Tuesday, January 17, 2006

Kevin Myers and Irish Independence

I read and enjoyed the Kevin Myers opinion article in today's Irish Times re. 1916 and independence and how we fared before and after.

As usual with Kevin Myers articles there is much to agree with. He offers a good clinical analysis of what was really happening at 1916. I agree that it was all rather misguided and I don't believe it did anything to help independence except for maybe the mistake of executing the leaders. But I do think it is very hard to offer severe black and white judgments on the organizers actions at that time based on today's knowledge. Much was different ninety years ago and considerable frustrations abounded in every way. Be that as it may I'm not in agreement of celebrating the bloody event of 1916. Solemn remembrance yes, but it's not like celebrating independence. I've written on this before and I haven't changed my view.

My main point of contention is with the Kevin Myers logic on what transpired post-independence. He almost reduces the aspirations for freedom at the time to ticking YES/NO boxes on a form called "The List of Public Benefits after Independence" If it were all measured by wealth, radical social change and purity of language, culture etc. then of course it was a mistake. Yes, we would have been better off economically up to recently being part of UK. But this has some vague similarity to saying that hookers in a harem are better off than the purer and poorer girls working in factories. Did we not deserve independence if we aspired to it? How many businesses would ever be born if the founders didn't put up with some form of hardships in the early years. Indeed many folk in smaller businesses formed are happy never being as wealthy as they were in a previous stuffy big corporate entity. Things don't always end up exactly the way we dreamed but often it's just as good and it's certainly no reason to criticise those with the original aspirations.

I've also a problem with the Myers statement of Ireland in 1910 being better off than most in other countries with the brief caveat "emigration notwithstanding". Terrific well researched text book statement. I wonder how that wealth was measured. I'm sure those in rural Ireland at the time suppressed to within an inch of their lives would have welcomed an elaboration. And the "emigration notwithstanding" comment does not do sufficient justice to this massive problem provoked by unbearable poverty and which created layers and layers of further problems, frustrations and depressions for those left behind. Poverty is about much more than what's in your pocket as measured by insensitive economists.

In summary, I'm beginning to see through much of the Kevin Myers view of the World. He is an excellent scholar of history, knows all the facts and in general has a logical interpretation of events and directions. I actually really agree with most of what he writes and I've great respect for his views. But it's sometimes rather robotic, I don't think he always sees into the hearts, fears, dreams and aspirations of humanity in all it's complex diversity.

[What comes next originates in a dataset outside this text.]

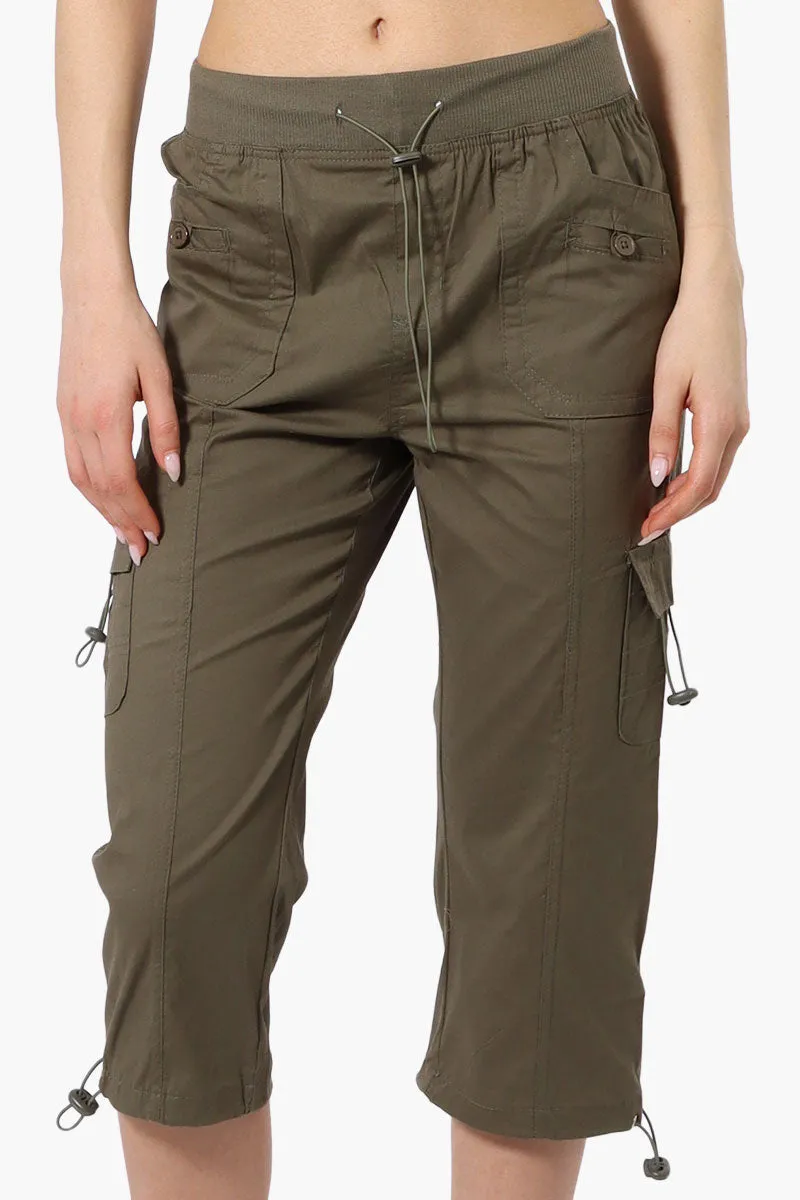 Canada Weather Gear Bungee Waist Cargo Capris - Olive sold by Fairweather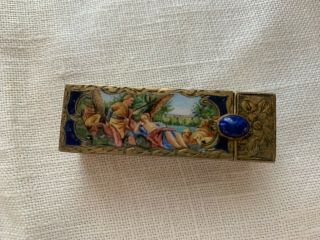 Gold Antique Lipstick Holder,  With Mirror,  Cobalt Blue Stone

Wednesday, January 04, 2006

A quick thanks for a Christmas gift....

Before I do any other writing this year I just want to publicly say a word of thanks to one of my relations and a great long time friend.

My sister-in-law gave me a most unexpected and treasured gift this Christmas. When I unwrapped it I wasn't sure at first what exactly it would be. I was looking at a beautifully bound A4 sized hardback book and inside was about 40 stiff pages in nice beige background and all the writing was in a lovely font. In the slight wine induced haze following the St. Stephens Day extended family dinner - something looked familiar about the writing. When I looked inside the opening cover at the title the wonderful truth dawned. My sister-in-law had produced a book containing all my "Earth and Universe" blog articles of 2005. What a cool present.

I must say that I felt both humble and honoured to receive such a gift. My sister-in-law had been commenting on my articles at family gatherings over recent months. I've always respected her opinion. She holds a PhD and is exceptionally well read on a plethora of books and topics.

Thank you my dear, I know there was a lot of work in putting it together, it was a brilliant present!